Although the Republic of Congo constitution guarantees the right to assembly and peaceful protests, freedom of expression, access to information and communication, and prohibits censorship, government authorities regularly violate these rights using national law provisions. Political opponents, human rights defenders, and journalists are pressured, threatened, and imprisoned. Groups must receive official authorization from local and national authorities to hold public assemblies, and permission is routinely denied. Government forces employ excessive violence against protesters or to disperse assemblies.

The constitution and national laws also prohibit arbitrary arrest and detention. But the current government frequently ignores these laws and relies on more restrictive legislation for arrests and detentions of political opponents, journalists and human rights defenders. The constitution and laws give detainees the right to challenge their detention before a judge or authority and due process, but these are routinely ignored.

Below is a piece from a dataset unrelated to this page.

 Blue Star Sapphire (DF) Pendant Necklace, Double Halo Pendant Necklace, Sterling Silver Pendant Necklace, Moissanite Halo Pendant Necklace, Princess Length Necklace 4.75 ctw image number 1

The Nguesso administration has been consistently linked to cases of torture, which is prohibited under the constitution. National law contains a general prohibition against assault and battery, but there is no legal framework specifically banning torture under the criminal code and the judicial remedy is impossible as the judicial system is underfunded, dominated by Sassou Nguesso’s administration and his allies and is vulnerable to corruption and political influence.

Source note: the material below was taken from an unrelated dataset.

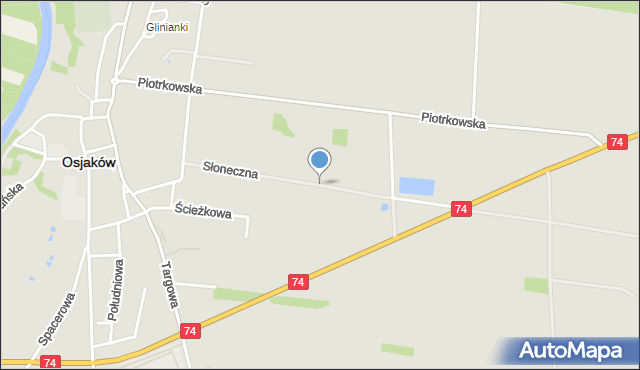 Osjaków, Słoneczna, mapa Osjaków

As a result, dozens of political opponents remain in detention; some are prisoners of conscience. There are reports of cases of cruel, inhuman, and degrading treatment by security forces and prison guards. But no investigations have been conducted into these allegations.


The Republic of Congo is a signatory to the Torture Convention. It is therefore incumbent on President Sassou Nguesso to change his country’s laws to comply with international standards, the United States urges him to do that as quickly as possible and to ensure his security forces  adhere to these standards.


  • The White House and the Department of State should write to President Denis Sassou Nguesso and urge him to change the definition of torture in its criminal code to align with the UN Convention Against Torture and investigate all allegations of torture and ill-treatment, and bring suspected perpetrators to justice in fair trials.


Adotei Akwei

Deputy Director, Advocacy & Government Relations

(202) 509-8148

[email protected]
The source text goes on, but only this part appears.